En ces périodes de grande chaleur, on ne sait plus très bien comment traiter les vins rouges pour les servir à bonne température. J’avais placé une bouteille de La Courtade Côtes de Provence rouge 1995 dans le compartiment légumes du réfrigérateur. Sorti une heure avant de passer à table, ce beau vin de Porquerolles montre la trace de son passage dans le froid. Le vin est beau, avec un sentiment de râpe terrienne fort agréable, mais ce coup de froid, même léger, gauchit le goût d’un vin de Provence très raffiné.
Le lendemain, nous allons chez des voisins et amis pour dîner. La lune en milieu de premier quartier éclaire la table à travers une forêt de pins majestueux penchés sur une mer dont la houle nous berce de son bruit rythmé. L’apéritif se commence avec un champagne Moët & Chandon non millésimé qui sert de faire-valoir à un magnum de champagne Laurent Perrier Grand Siècle dont la fraîcheur romantique est un plaisir dont nous ne nous lassons pas (c’est le troisième magnum que nous partageons avec ces mêmes amis). Bulots, olives, pignons se grignotent d’un bon appétit.
Par une coïncidence amusante, mon ami ouvre une bouteille de La Courtade Côtes de Provence rouge 2004, qu’il a lui aussi fait passer par le réfrigérateur. Et nous aurons la preuve de l’effet négatif de cette mesure lorsqu’il ouvrira une deuxième bouteille du même vin sortant directement de la cave. L’écart est très sensible.

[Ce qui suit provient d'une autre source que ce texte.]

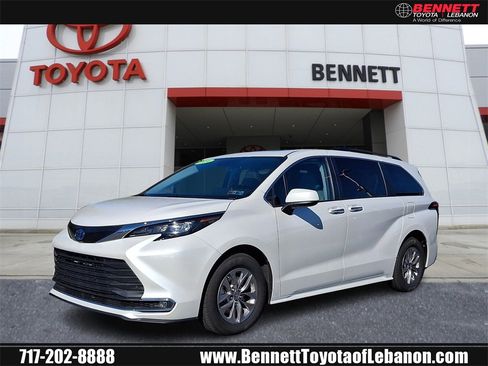 Certified 2024 Toyota Sienna XLE image 1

L’objet du dîner est de comparer deux daurades royales, l’une cuite par la maîtresse de maison et l’autre par le maître de maison. Je sors mon petit manuel virtuel de diplomatie afin de déterminer lequel de nos deux amis doit être flatté. En fait les deux daurades sont excellentes, celle du maître de maison étant plus portée sur la sauge. Et, sous les palmiers dont les troncs sont des piliers de cathédrale, dans l’agréable fraîcheur d’un soir d’été, je suis frappé par l’incroyable évidence que le vin et le poisson collent à la personnalité de cette belle région. Le vin est extrêmement terrien et m’évoque les pins parasols, les truffes encore pleines de terre et les olives noires. La sauge sent les champs et les sous-bois troués par un chaud soleil. Et le poisson, par son goût dont la légère râpe ressemble à celle du vin, consolide l’impression d’une cohérence gustative régionale. Je sens, je respire, je bois et je mange la beauté de la région. Dans la sérénité du soir, ce sentiment me remplit de joie.
Nous nous livrons ensuite à une orgie de glaces de la pâtisserie Ré. J’ai déjà dit que la maison Ré de Hyères donne le « la » des douceurs pâtissières. Glace à la vanille, sorbet abricot et sorbet framboise à profusion flattent la gourmandise, poussés par des gâteaux secs au goût de revenez-y. Le Grand Siècle laisse la vedette aux parfums de glaces et aux conversations d’une belle nuit sous la lune.